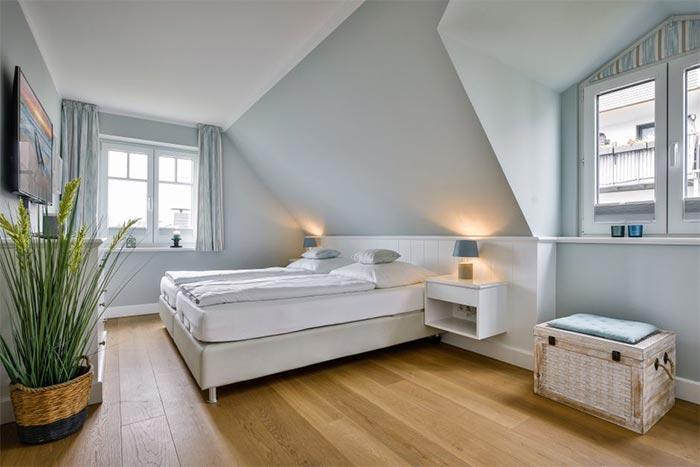3-Zimmer-OG-Wohnung | Maisonette - Sylt, Hoyerweg 10a | 2
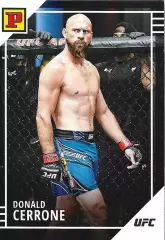 Карточка PANINI UFC Debut edition 2022 Donald Cerrone/Дональд Серроне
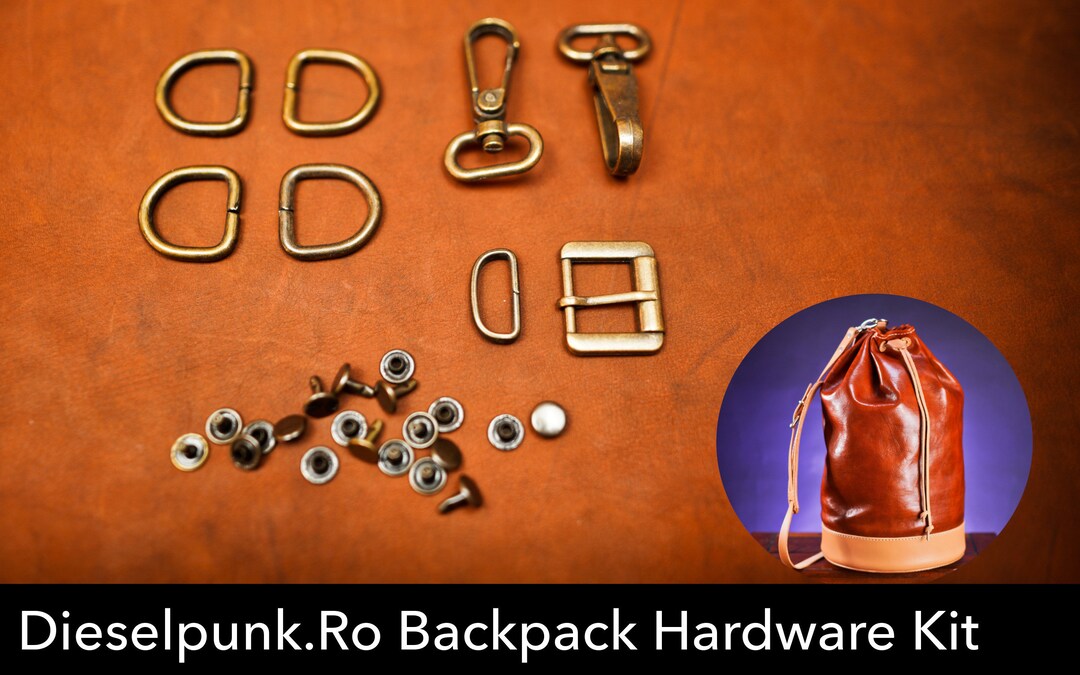 Dieselpunk.ro Military Duffel Bag Hardware Kit Etsy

◇ ◇ ◇

▶ _DIRECTIONS FOR THIS TASK_
The whole listing should be transcribed exactly, though its pictures must be left out.

▶ _WORKED SOLUTION_
3-Zimmer-OG-Wohnung | Maisonette - Sylt, Hoyerweg 10a | 2
 Карточка PANINI UFC Debut edition 2022 Donald Cerrone/Дональд Серроне
 Dieselpunk.ro Military Duffel Bag Hardware Kit Etsy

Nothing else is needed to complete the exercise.